Penekanan yang disampaikan Crhisnawan tersebut kemudian mengarah pada salah satu persoalan paling krusial yang kini dihadapi SPBU di berbagai daerah, termasuk di Malut, yakni kewajiban penerapan sistem digitalisasi dalam distribusi BBM subsidi.
Ia menggambarkan bahwa pola pengawasan pemerintah saat ini telah mengalami perubahan signifikan dibanding tahun-tahun sebelumnya. Distribusi solar subsidi tidak lagi hanya berorientasi pada penyaluran kuota, tetapi juga menitikberatkan pada transparansi, pengawasan administratif, serta kemampuan SPBU memenuhi standar teknologi pengawasan yang ditetapkan negara.

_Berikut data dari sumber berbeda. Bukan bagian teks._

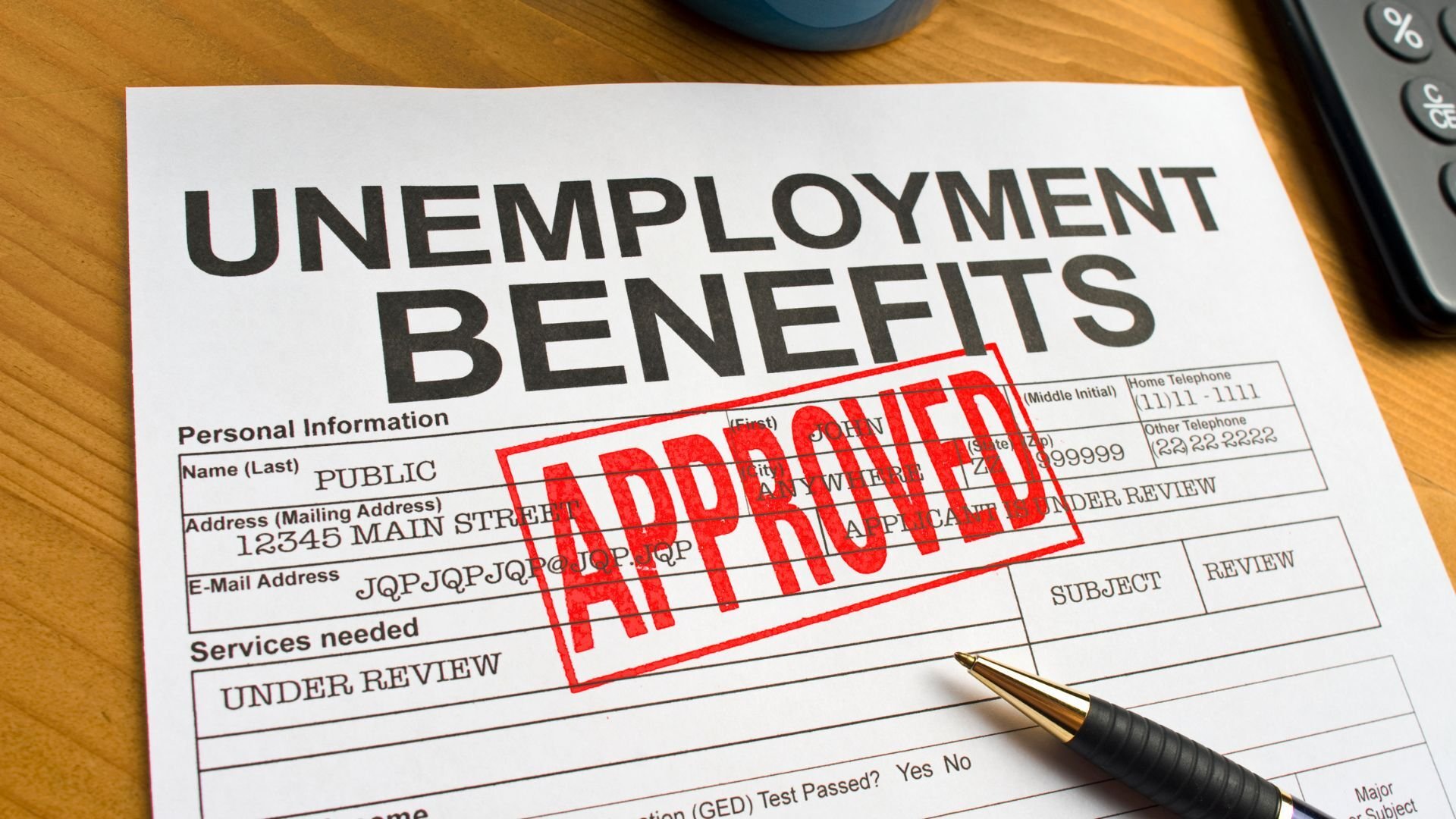 在越南，失業保險制度適用於繳納失業保險滿 12 個月以上的越南公民（外籍人士不適用）。合格者可申請失業津貼，金額為離職前六個月平均投保工資的 60%，但不得超過當地最低工資的五倍。（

Situasi itulah yang menurutnya memunculkan kekhawatiran di kalangan pengusaha SPBU karena seluruh proses distribusi kini berada dalam pengawasan ketat lembaga pemeriksa negara.
“Ini mengapa kalau bapak ibu melihat pengawasan yang dilakukan, seperti tadi yang disampaikan oleh teman-teman SPBU, itu dasar kekhawatiran,” tuturnya saat menjelaskan alasan pengawasan diperketat.
Melalui penjelasan itu, Crhisnawan ingin menggambarkan bahwa keresahan sebagian SPBU terhadap penjualan solar subsidi bukan semata-mata berkaitan dengan aspek bisnis, tetapi juga dipengaruhi tuntutan regulasi yang semakin ketat. Sebab, setiap proses distribusi BBM subsidi kini harus dapat dipertanggungjawabkan secara administratif maupun digital sebagai bagian dari sistem pengawasan penggunaan anggaran negara.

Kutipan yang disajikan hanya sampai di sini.